Baraminology of Danioninae

Baraminology of Danioninae

Anyone familiar with the home aquarium trade has undoubtedly heard of danios. These small, gracile, often colorful fish are staples in the pet trade. Some, specifically Danio rerio have been made into the popular glowfish. They are members of the sprawling family Cyprinidae, better known as the carp or minnow family, depending on who you ask. Danios fall into subfamily Danioninae, but even that is quite large, containing over three hundred and sixty species according to FishBase[1]. Danioninae is separated from the rest of Cyprinidae due to the extreme size of Cyprinidae and the obvious discontinuity within the family.  Danios stay very small, with few species exceeding half a foot in length.  They appear to share a number of similarities, as well as numerous discontinuities.  This article will examine Danios and determine if they are their own baramin, or if the subfamily needs to be split into multiple baramin.

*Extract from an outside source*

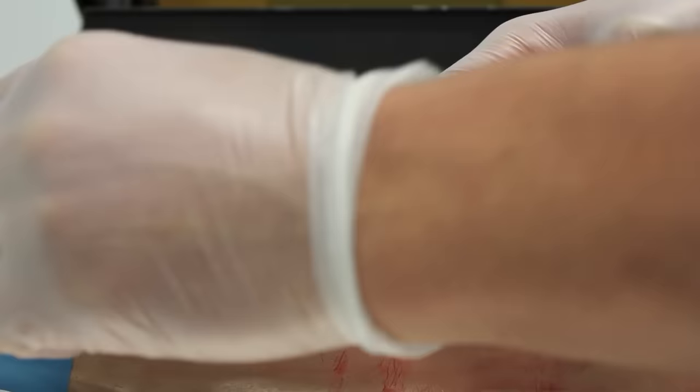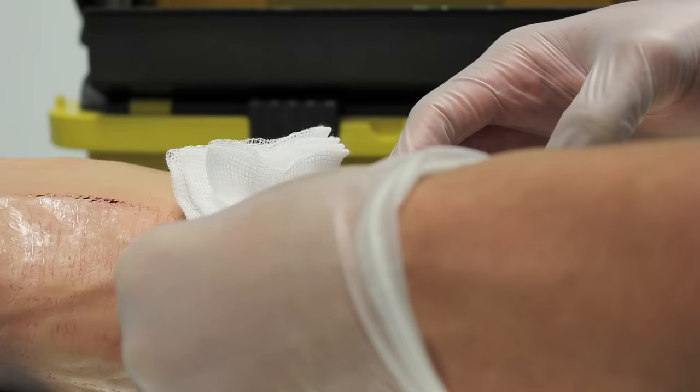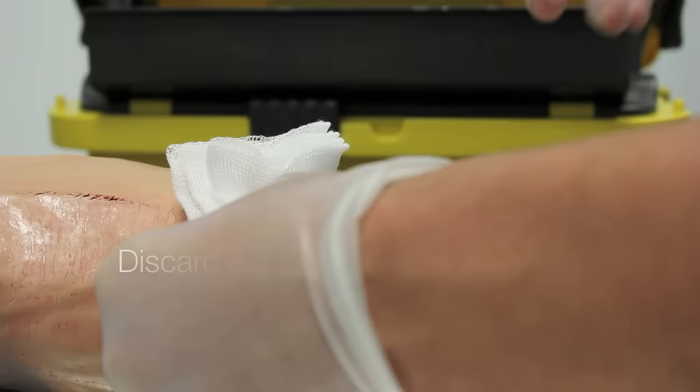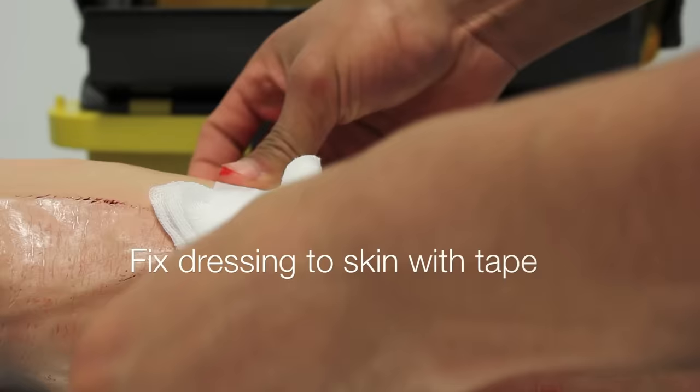Before you take the needle out, remove the tourniquet. Get some cotton wool and cover the site of the needle injection, then remove the needle — only putting pressure on once the needle is out. Then get the patient to hold the cotton wool or gauze in place for a minute after you've taken the needle out, to catch any bleeding.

Applying the enhanced cognitum method of baraminology to the subfamily Danioninae yields initial frustration. Hybridization data is barely known in the scientific literature.  Only a few hybrids are known. Two species of rasboras (  Rasbora borapetensis  and R. dorsiocellata ) can hybridize[2]. Members of the genus Danio hybridize fairly frequently, with at least four members of the genus known to hybridize with one another[3][4]. Two species of Devario ( D. anomalus and D. aequipinnatus ) are also known to hybridize[5].  Beyond these few examples, all of which are within the expected bounds of hybridization; ie within the genera.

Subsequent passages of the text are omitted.